Wednesday, May 25, 2022 By Timothy Perry
Equifax, Experian, and TransUnion made significant changes to the way they report (or don’t report) medical collection accounts
1. After July 1, 2022, medical debt that was sent to collections but later paid will no longer be included on consumer credit reports.
2. The period before unpaid medical collection debt appears on a credit report will be increased from six months to one year. The goal is to give
more time for consumers to work with insurance companies or healthcare providers to pay, correct or otherwise address medical debt
before it appears on credit reports.
3. In early 2023, they will stop reporting medical debt of less than $500. This move alone is anticipated to eliminate nearly 70% of medical
collection debt tradelines from consumer credit reports.
These moves are likely an attempt by the credit reporting industry to “self-regulate” and potentially avoid the CFPB (Consumer Financial Protection Bureau) from enacting even stronger measures.
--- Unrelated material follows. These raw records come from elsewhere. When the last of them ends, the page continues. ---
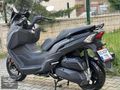 SYM-JOYMAX250 Z PLUS-SIFIR EMSALİ-DÜŞÜK KM-TAKASLI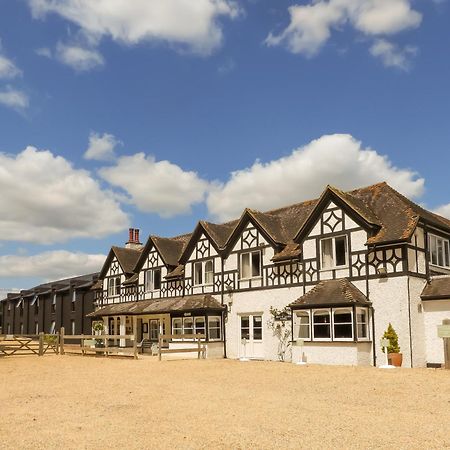 South Lawn Hotel 리밍톤 외부 사진
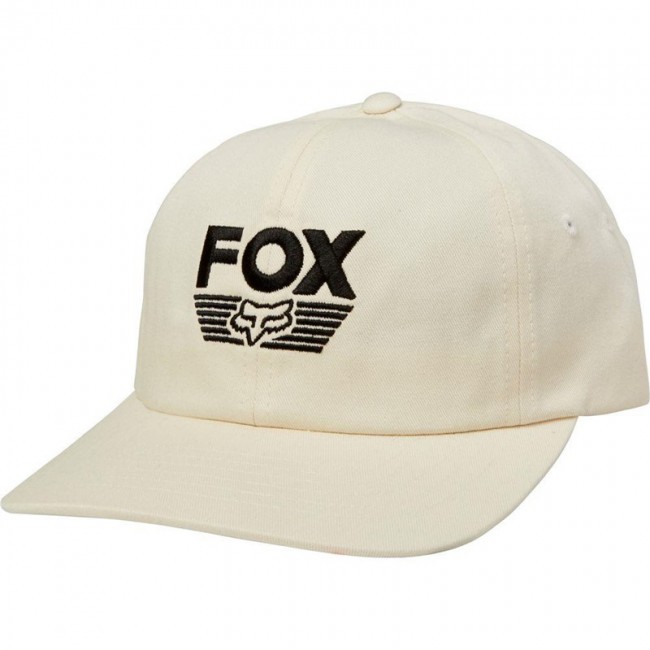 Casquette FOX ASCOT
A report issued by the CFPB earlier this year titled “Medical Debt Burden in the United States” sought to determine whether medical debt should be included on credit reports under any circumstances. The newly enacted No Surprises Act will certainly be yet another consideration addressed during their decision-making process.
The CFPB’s statement that the Department of Veterans Affairs’ new medical debt collection and consumer reporting standards are “a clear and important precedent for the health care industry”, appears to have given the credit reporting industry encouragement. The industry hopes that if it acts both quickly and sufficiently enough it will avoid the CFPB implementing more onerous regulations that it would surely consider a heavy-handed move. Regardless of the industry’s motive for enacting changes, consumers burdened by medical debt that is often no fault of their own will get some much-needed relief.